Initial State ($t=0$):
$A = (0, 2)$, $B = (0, -8)$, $C = (0, 0)$.
Length $AC = \sqrt{(0-0)^2 + (2-0)^2} = 2$.
Length $CB = \sqrt{(0-0)^2 + (0 – (-8))^2} = 8$.
Ratio $AC : CB = 2 : 8 = 1 : 4$.
Therefore, at any time $t$, the coordinates of $C$ are given by the section formula dividing the segment $AB$ in the ratio $1:4$:
$\vec{r}_C = \frac{4\vec{r}_A + 1\vec{r}_B}{4+1} = \frac{4\vec{r}_A + \vec{r}_B}{5}$.
2. Analyzing Motion
Motion of A:
Point A moves in the positive $x$-direction with constant velocity $v_A = 1.0$ m/s.

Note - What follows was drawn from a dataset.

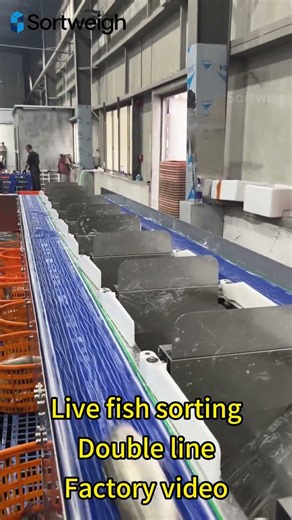 Video of live fish weight sorting production line operation in 2026.#sortingmachine #weightscale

$\vec{r}_A(t) = (v_A t) \hat{i} + 2 \hat{j} = t \hat{i} + 2 \hat{j}$.
Motion of B:
Point B moves in the negative $y$-direction with constant acceleration $a_B$ (starting from rest, as implied by “made to move”).

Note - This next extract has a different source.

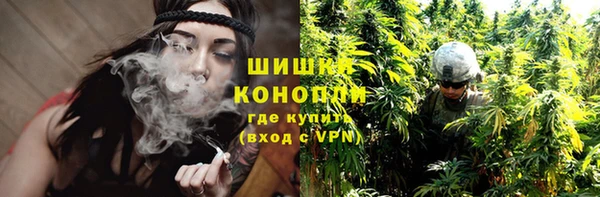 скорость Ельня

$\vec{r}_B(t) = 0 \hat{i} + (-8 – \frac{1}{2}a_B t^2) \hat{j}$.
Point C:
We are given that at a specific instant, $C$ passes through $(4, -2)$.
$\vec{r}_C = 4 \hat{i} – 2 \hat{j}$.
3. Calculation
Substitute the coordinates into the section formula:
X-coordinate:
$x_C = \frac{4 x_A + x_B}{5}$
$4 = \frac{4(t) + 0}{5}$
$20 = 4t \implies t = 5$ s.
Y-coordinate:
$y_C = \frac{4 y_A + y_B}{5}$
$-2 = \frac{4(2) + y_B}{5}$
$-10 = 8 + y_B \implies y_B = -18$ m.
Now, use the kinematic equation for B to find acceleration $a_B$.

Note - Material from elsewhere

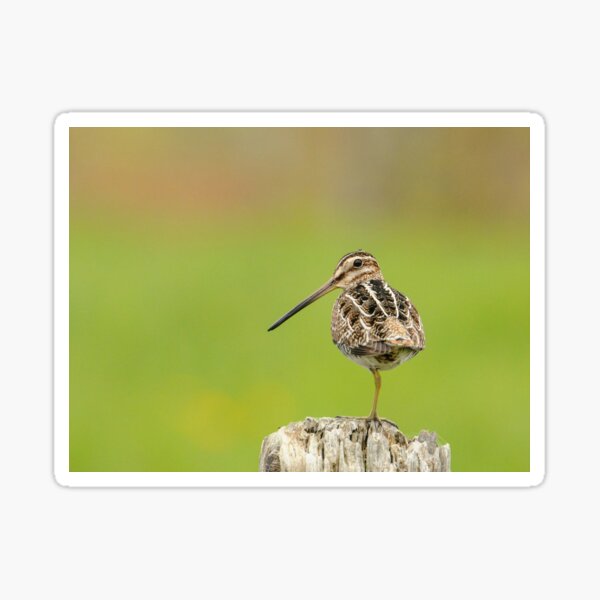 Item preview, Wilson's Snipe designed and sold by GyrKiteTours.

The coordinate $y_B$ changed from $-8$ to $-18$.
Displacement $S_y = -18 – (-8) = -10$ m.
Using $S = ut + \frac{1}{2}at^2$ (with $u=0$):
$-10 = 0 + \frac{1}{2} (-a_{B,mag}) (5)^2$
$-10 = – \frac{25}{2} a_{B,mag}$
$a_{B,mag} = \frac{20}{25} = 0.8$ m/s$^2$.